This is such a wise post and very much the sort of point I was trying to make.
The generous predictions are often made out of pride and love, but can in fact be so damaging.
My Dc ( and I, in fact, ) have been to schools where a lot of very ambitious parents send their Dc and I have seen young lives all but destroyed by too much emphasis being placed on precocious development.
One little child arrived at school so far ahead of everyone, so much so that everyone was rather in awe of them. It became the thing to say “ oh my Dc has done well, obviously not to the level of Child X, but still …” This child slowly began to drop behind and when the iq testing started, the child was bottom of the year group. The school had the child re-tested. The child also later watched most of their peers sail into the next school of choice while they missed the cut. The change in the child was so extreme as this unravelled; they even developed a stutter. It’s far from the only case I have seen.

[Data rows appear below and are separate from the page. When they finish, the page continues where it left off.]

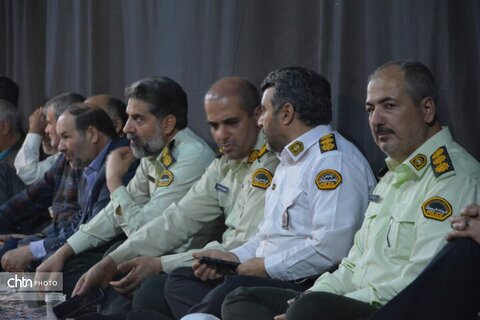 دومین شب مراسم عزاداری و روضه‌خوانی اربعین در یزد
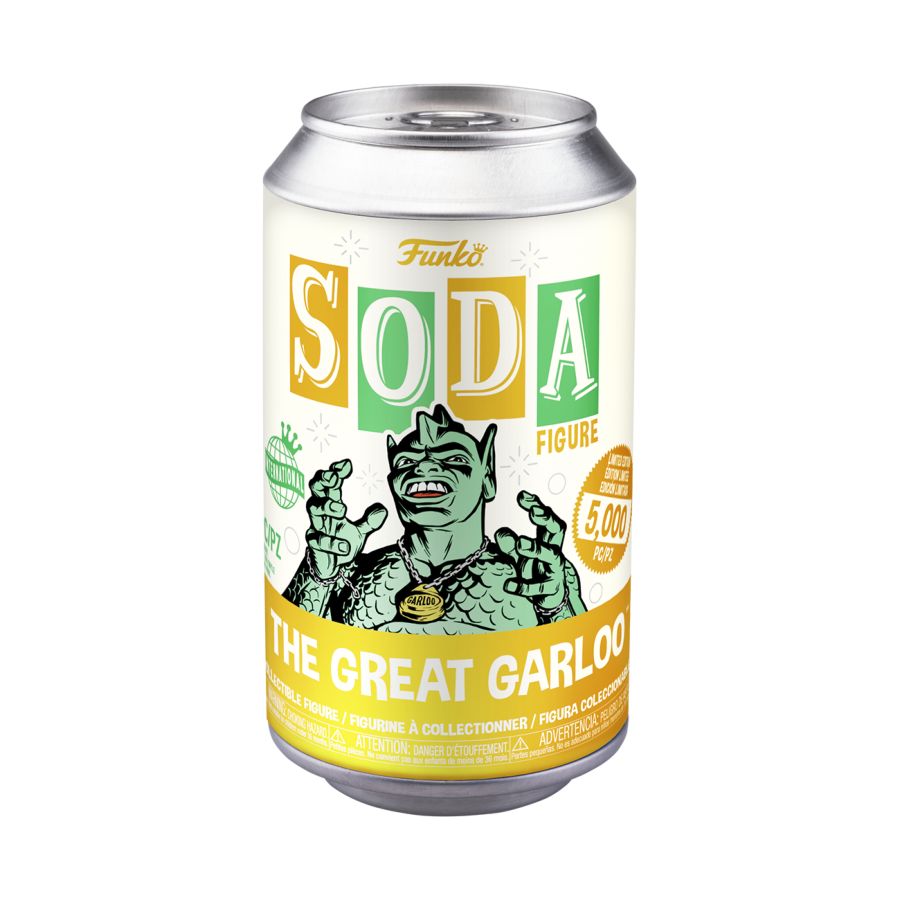 Great Garloo - Great Garloo Vinyl Soda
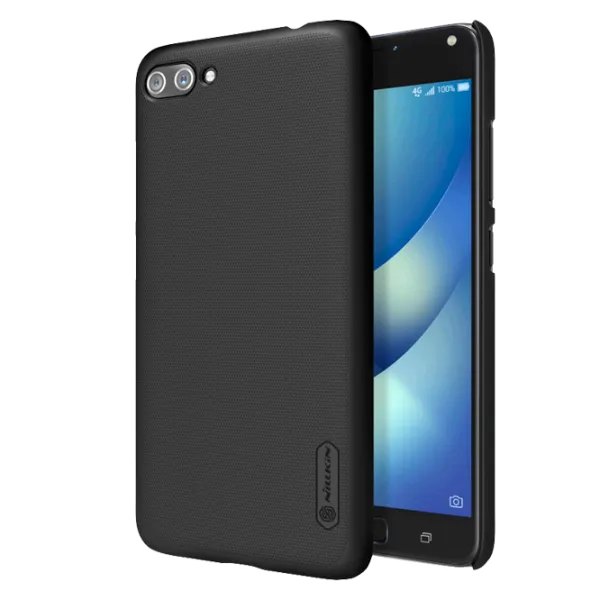 Чехол Asus Zenfone 4 Nillkin Back/ PP/ Черный photo 1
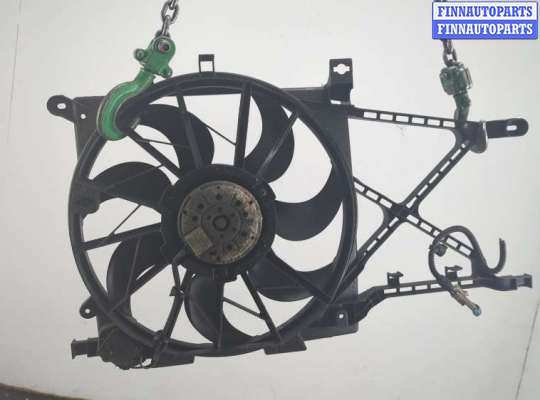 купить Вентилятор радиатора на Opel Zafira B 2005-2014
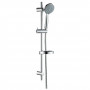 VOLLE набір душовий, SOLAR змішувач для ванни, гарнітур душовий (1530.030101+t03800101LX), cromo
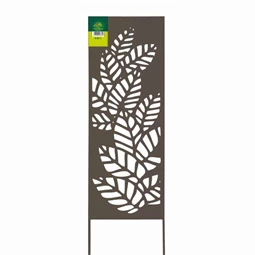 Növényfuttató levél mintával 33x98x22 cm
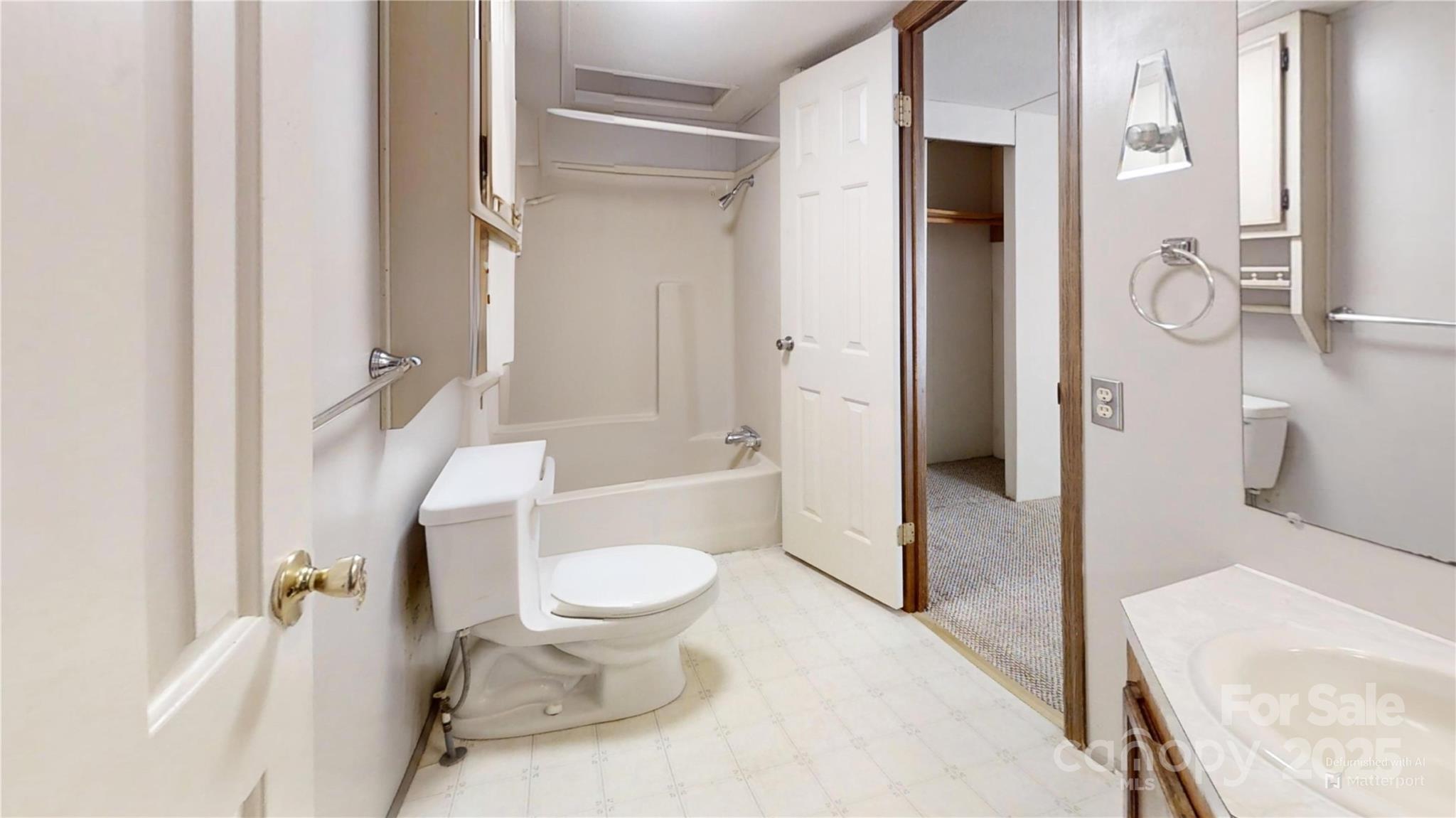 8112 Blackwood Road Denver, NC 28037 - Photo 19 of 19 a bathroom with a sink toilet and shower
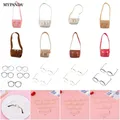 Duck Accessories For 30cm LaLafanfan Cafe Duck Dog Plush Doll Bag Glasses Outfit For 20-30cm Plush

All too often that very forward presentation is wittingly or unwittingly really only a manifestation of having being quite pushed with early skills and isn’t an advantage that will necessarily stay the course.
By all means expose children to things, but you can’t actually build a genius. They are or they aren’t, and too many little people have devastating outcomes when really they just needed to be loved and appreciated for who they are. That’s the very best job a parent can do.
I know someone who works with genuinely gifted children. She said the reality is that parents who have a truly gifted child are generally absolutely terrified by it and all the implications. They come looking for help, not strategies to enhance.